1022 North Main
There is nothing wrong with wanting to reduce one's carbon footprint. Doing that is the main justification for the current fashion of "Eating Local": buying supplies from nearby producers eliminates much of the pollution created by transportation, which is, after all, one of the filthiest things we routinely do. And there are, purportedly, side benefits as well: Savings in transport costs. Greater local prosperity. Fresher foodstuffs. But after a first visit to this recently-established restaurant, I begin to wonder where the benefits are accruing.
The Clean Plate is owned by a couple of women who used to have a food truck, but found that San Antonio wasn't ready for bison burgers on wheels. So they moved into the space vacated when Pete's Tako House moved downtown, and started serving an interesting mix of Asian and New-Age selections. We happened to be there on what was a normal gorgeous late-autumn weekday in San Antonio, so we grabbed a table on the "patio," a small enclosure jutting into the triangle where Main and Lexington Avenues come together. City folk from Dallas or Houston or Philadelphia might question an outdoor table by two major arterial streets during a workday, but we know that in this part of town, heavy traffic means there might occasionally be as many as two cars at the red light. Traffic noise was not an issue.
The waiter was, inexplicably, as nervous as a black cat passing a coven on All Hallows' Eve, but the service was good nonetheless.
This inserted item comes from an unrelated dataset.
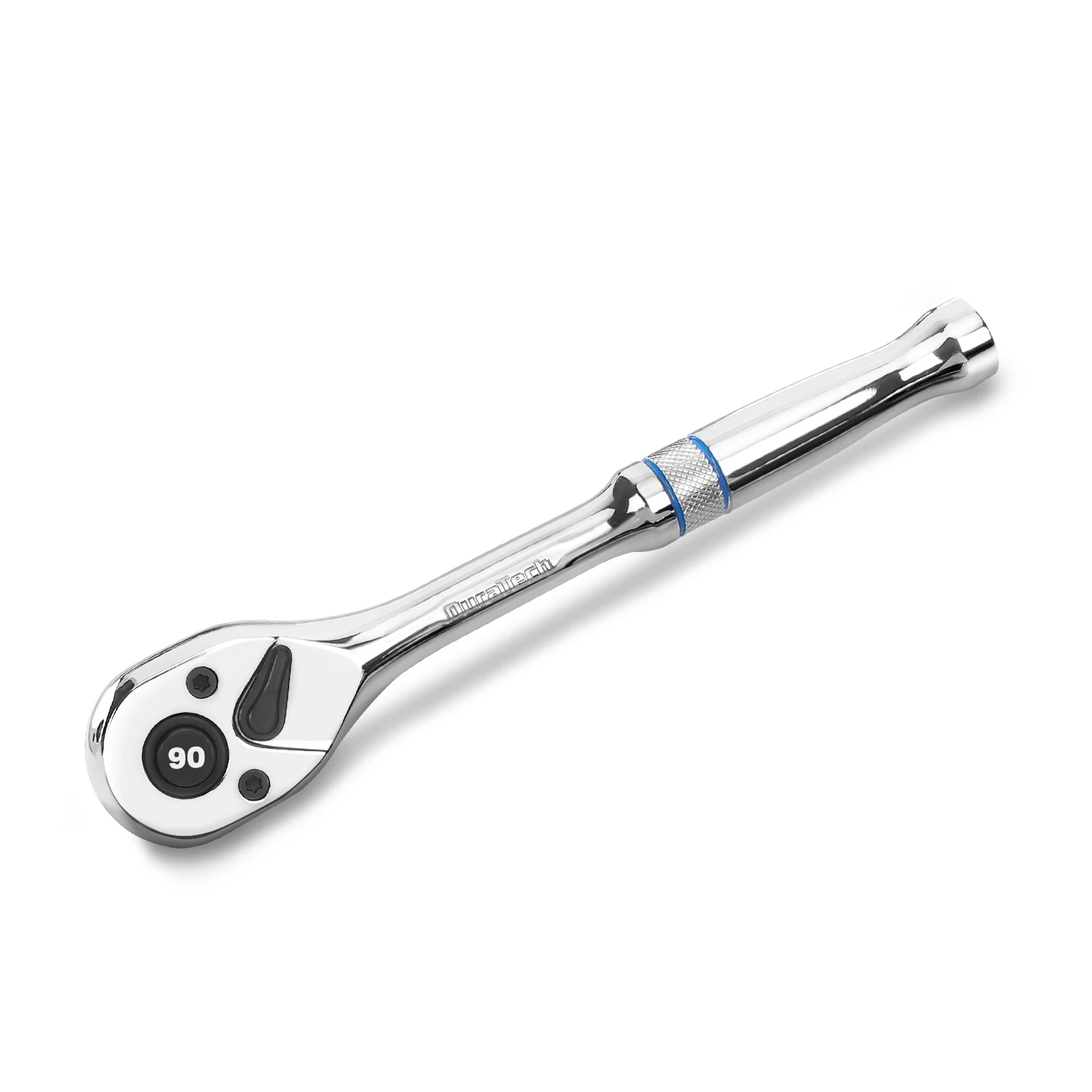 DURATECH 3/8 "Dr. Llave de trinquete de liberación rápida de 90 dientes, llave de trinquete de accionamiento Reversible, herramientas manuales de bricolaje para el hogar completamente pulidas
One of the owners, cheerful, personable, and bedecked with enough piercings and tattoos to make me feel uncomfortable, came out to check on her al fresco customers, and to give a little background on the restaurant. Judging from the publicity stories I've seen in a couple of places, she's getting lots of practice at that.
Our first choices for an early lunch late last month were unavailable, one because the kitchen had run out of an essential ingredient, the other because the dish is being taken off the menu and they hadn't gotten around to printing new ones. So, dismissing other, more exotic options (mostly because they seemed overpriced), we both fell back on the tried-and-true choice of Americans everywhere, a plain ol' burger and fries.
Well, perhaps "plain" ain't quite the mot juste here. The burger was on a nice, soft bun, with fresh veggies to grace the assemblage, and an unusual combination of seasonings in the meat. It was cooked a little longer than medium, and considering that I'd have ordered it medium-rare (had I been asked), I thought it was a little on the dry side. But I use the phrase "plain ol' burger" to distinguish the hamburger from the bison burger, also on the menu. This beef was as dry as bison. Some may consider that a good thing; I do not; but it was, still, acceptable. The fries were nicely seasoned and expertly cooked, but suffered from being composed mostly of the residual shards of cut potatoes. Every silver lining has a cloud, and the silver lining here is that it makes you eat them more slowly.
|Last city inspection: September 2013|
3 demerits (very good)
I don't know how much carbon we saved the world by having lunch at the Clean Plate. I know we did not have remarkably fresher ingredients than we would have gotten at, say, Timbo's or the Armadillo, two nearby eateries that do burgers better; and I'm absolutely certain that we saw no price savings from the lowered transport costs of eating locally. Quite the contrary: these burgers were flat-out overpriced.
The Clean Plate, obviously, is not a burger joint: In that sense, it is unfair to judge the place on its burgers. Okay, I'll accept that, and despite my disappointment on this first experience with the place, I look forward to trying some of those more exotic offerings. But that will have to be another day, if the place stays around long enough.